Fair enough. Not everything is for everybody. And for far too long, the domination of conversations by mostly white, mostly male, mostly cisgender, and mostly heterosexual critics was taken as the normal state of affairs, just as was the invisibility of characters from outside those definitions in the art itself. If we are undergoing a reckoning, it’s one that’s a long time coming, and that we (my ‘we’ is that of a cis white male) brought on ourselves with decades, even centuries, of exclusion, intentional or otherwise. We can rightly lay a lot of the sins of our current time on the internet, but one unimpeachably positive effect it’s had is that of giving voice to the voiceless, and of allowing people who want to tell stories that weren’t often told before to do so. Not only that, but those stories can now be funded and publicized through a medium that speaks directly to their target audience, and for critics representing their peers to have conversations about their meaning.

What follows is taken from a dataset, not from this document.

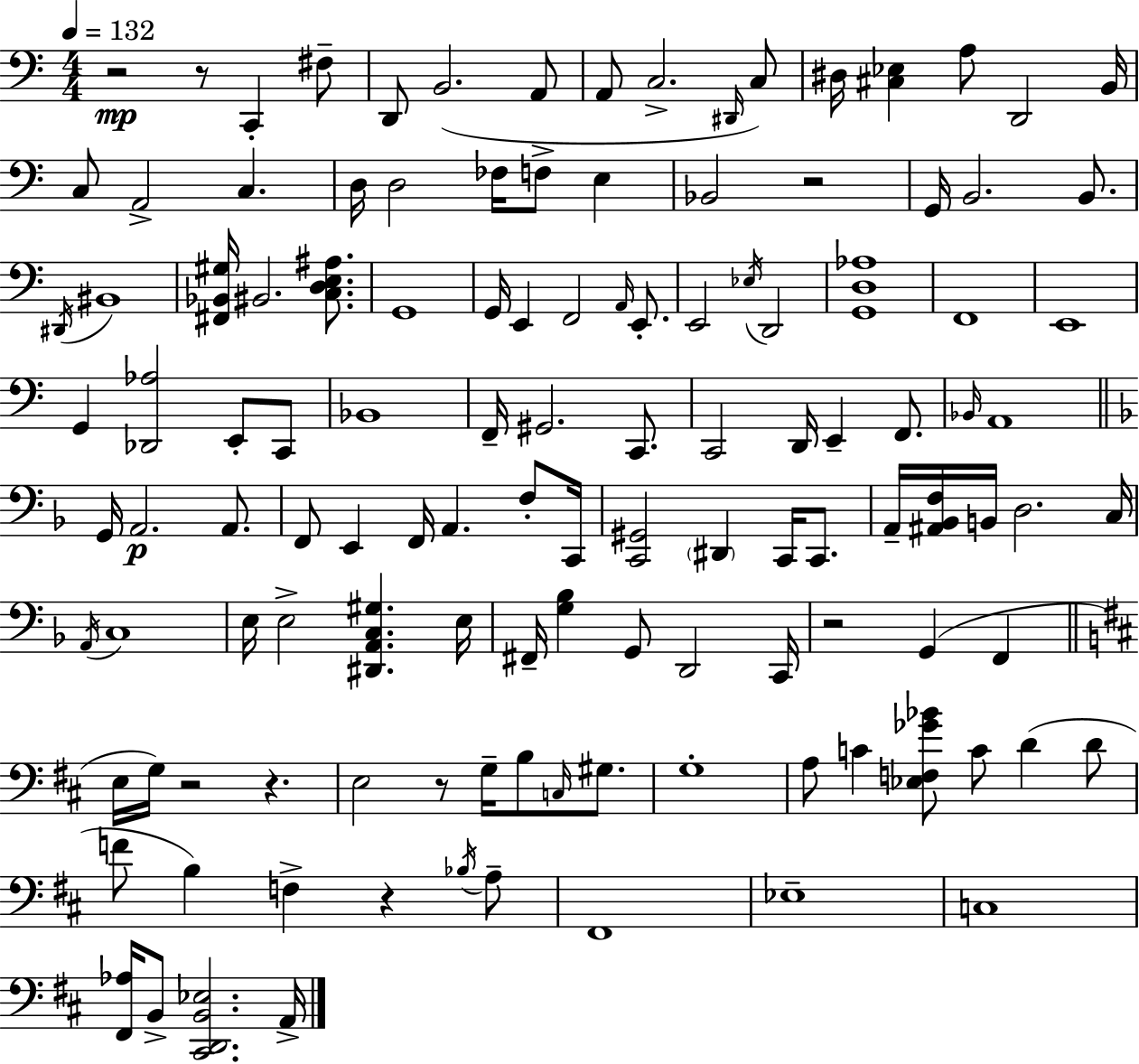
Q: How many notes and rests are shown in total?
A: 122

Nothing comes without cost in the internet era, though, and representation, however positive its value on its face, has been accompanied by some unintended consequences. One is the slow but steady degradation of the concept of ‘universality’, of the notion that great art is able to speak to everyone everywhere regardless of their conception of self-identity. We can lose that without tremendous gnashing of teeth, I think; art that is truly universal has always been precious and rare, and for the most part, the idea has been invoked as a dodge to protect the narrow interests of a cultural elite that served specific class, race, and gender constituencies. Much more specifically, though, we have lost the idea of criticism as a professional class.
In a lot of ways, that’s okay; professional criticism, by design or by accident, has always had an element of gatekeeping to it, and often served to exclude voices that badly needed to be heard. But now, when literally everyone’s a critic, there have been predictable results: the quality of criticism has plummeted, the role of the critic as an artist has diminished to the point of mockery, algorithms have replaced irreplaceable human qualities with data points that serve only commerce, and criticism has gone from dangerous uniformity to dangerous balkanization.

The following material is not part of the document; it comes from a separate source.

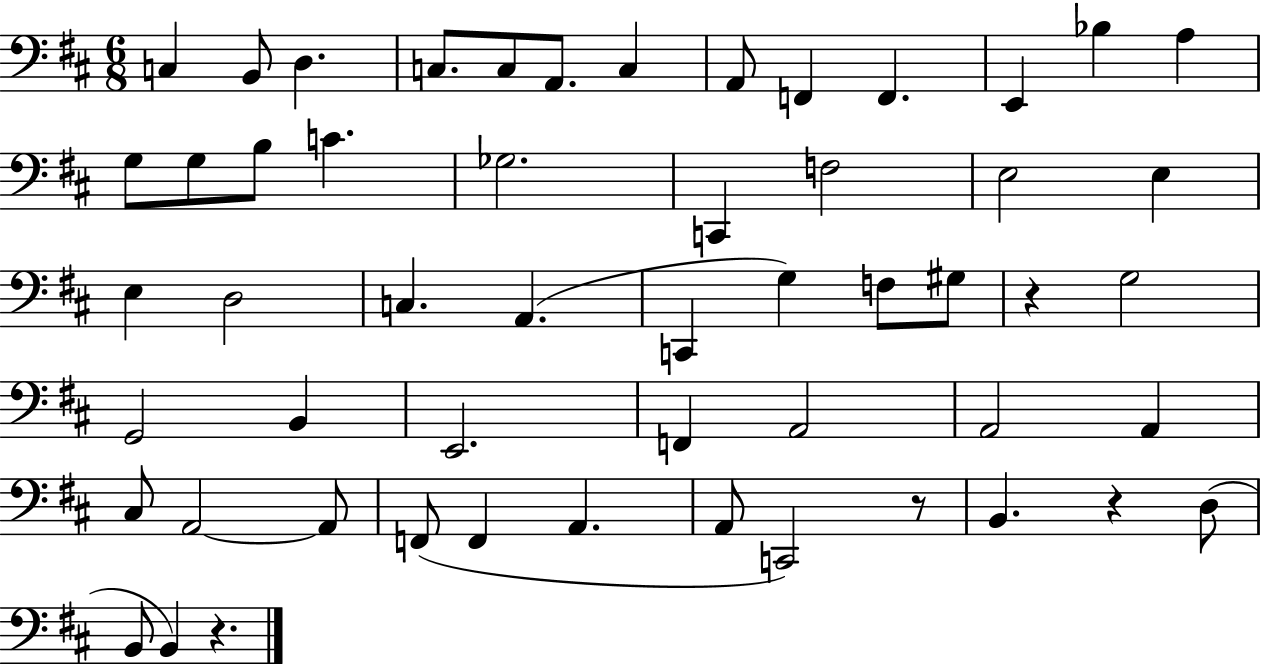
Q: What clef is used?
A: bass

What does all this have to do with Bingo Love, a charming and wonderfully intended but seriously flawed graphic novel released this month by Image? More than you might think. Funded by a successful Kickstarter campaign, aimed at a pre-teen audience, and released as part of the company’s intention to feature more diverse creators and subjects, it tells the story of Hazel Johnson and Mari McCray, a pair of African-American women who meet as adolescents and fall in love. Facing the disapproval of their religious families, they’re forcibly separated and spend the next fifty years building lives and families of their own; eventually, however, they’re reunited late in life and get a second chance at happiness.
It’s a very sweet story, and it’s told with a certain degree of charm and flair. And unquestionably, it’s the kind of story we need to see, especially in comics, where there’s a dearth of anything but lunkheaded superhero variants from companies like Image, let alone stories that center older queer women of color. It was produced outside of traditional venues of publishing, and it showcases creators who don’t normally get this degree of attention. The book’s good intentions are obvious. So…what’s the problem?
There’s a lot of answers to that question. Bingo Love doesn’t seem to know exactly who its audience is; it sometimes seems aimed at kids, sometimes at teens, and sometimes at young adults. The art, by Jenn St-Onge, is in a familiar style that’s all over YA-centered books these days but doesn’t much appeal to me; it’s slick and too cute by half. It's technically proficient and probably works well enough for the target audience, if you assume that they can't be trusted with unconventional choices, but it's literally cartoonish -- meaning that it lends itself only to the broadest and most easily parsable emotions and actions. It's bad at reflecting nuance and subtlety, which the story sometimes requires, and its gloss and generality flatten out all the stylistic elements of time and place that ought instead to be enhanced. It's also a bit flavorless, in a work that ought to be bursting with flavor. It's not that anything about it is objectionable, but rather that it doesn't have anything like the strong individual voice that books like this are supposed to be elevating, and the end effect is like an after-school special. Narratives about stories we've traditionally ignored deserve better than art styles we've seen a million times. To that point, Tee Franklin’s story has a lot of appeal, but it’s tonally off at times, and the pacing seems awfully scattered; there are moments where the payoff is so long in coming that it almost seems like an editorial mistake. And having a major plot point take place entirely outside of the book in an online supplement seems pretty cheap.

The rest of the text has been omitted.